> **THE PROBLEM**:
Your answer must be an exact copy of the entries below, with no pictures in it.

> **TASK INPUT**:

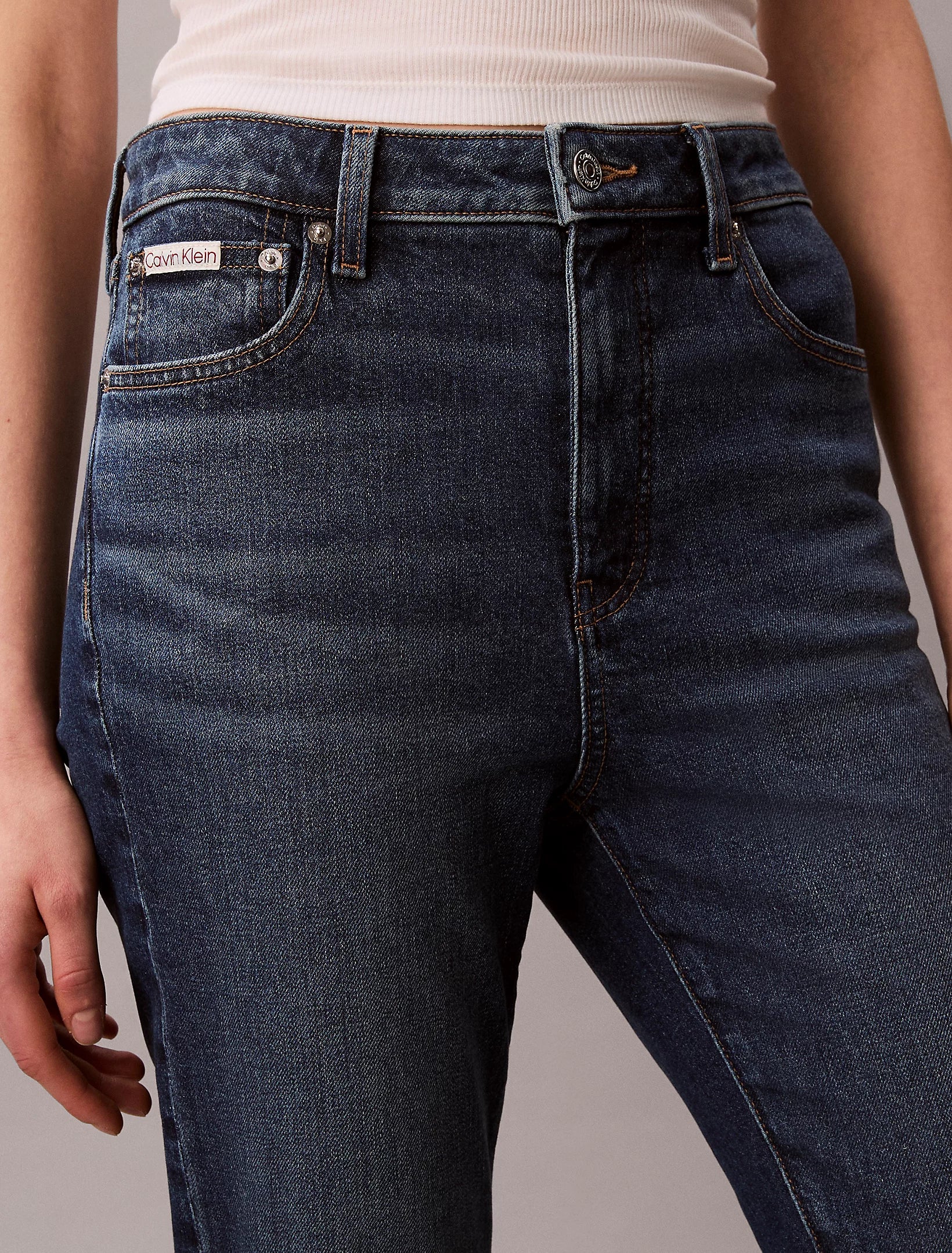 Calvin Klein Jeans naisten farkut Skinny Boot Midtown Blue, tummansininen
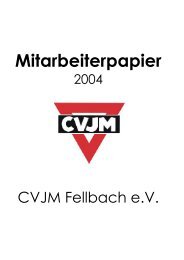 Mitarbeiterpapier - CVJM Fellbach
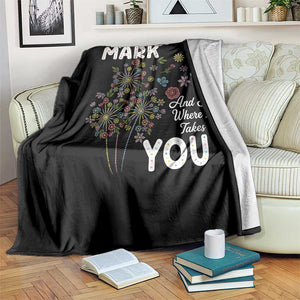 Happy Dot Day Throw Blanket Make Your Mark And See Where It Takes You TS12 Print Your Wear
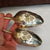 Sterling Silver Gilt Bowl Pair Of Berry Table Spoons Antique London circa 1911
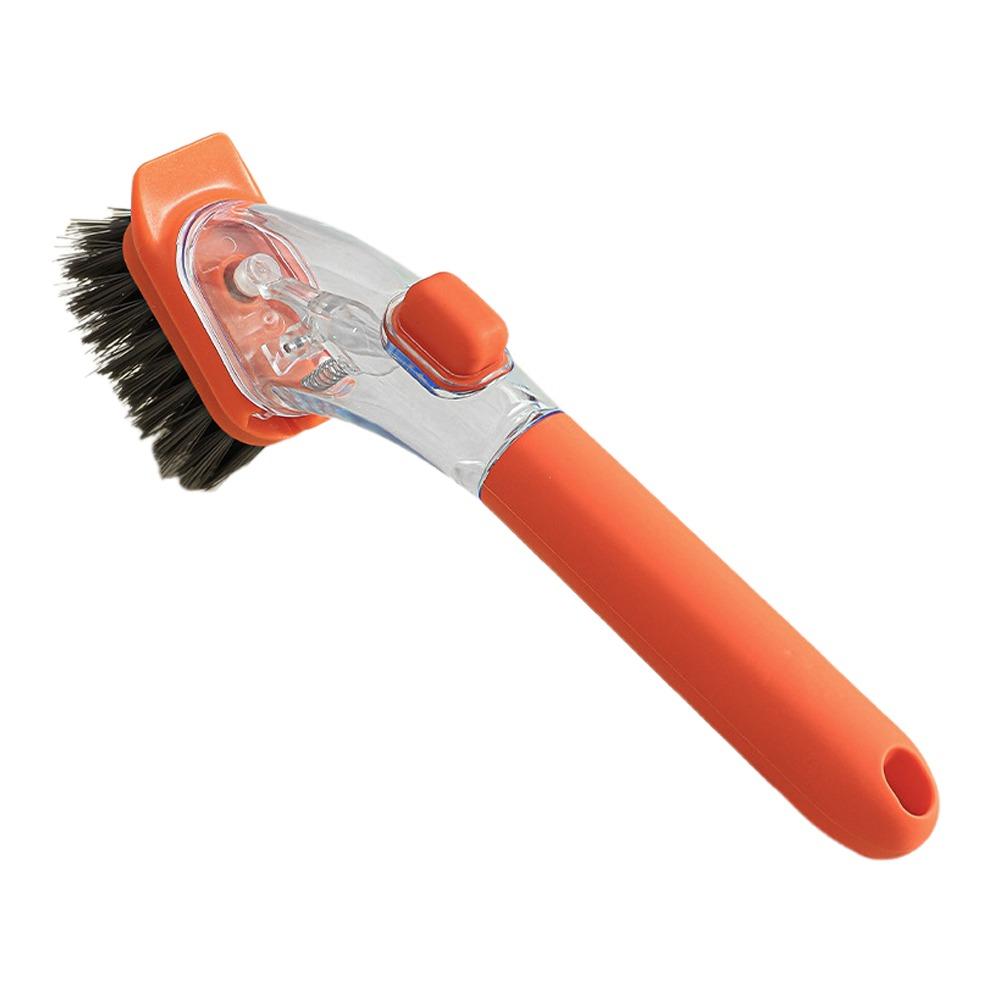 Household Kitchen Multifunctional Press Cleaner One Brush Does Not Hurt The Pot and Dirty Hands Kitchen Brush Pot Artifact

> **TASK RESPONSE**:
 Calvin Klein Jeans naisten farkut Skinny Boot Midtown Blue, tummansininen
 Mitarbeiterpapier - CVJM Fellbach
 Happy Dot Day Throw Blanket Make Your Mark And See Where It Takes You TS12 Print Your Wear
 Sterling Silver Gilt Bowl Pair Of Berry Table Spoons Antique London circa 1911
 Household Kitchen Multifunctional Press Cleaner One Brush Does Not Hurt The Pot and Dirty Hands Kitchen Brush Pot Artifact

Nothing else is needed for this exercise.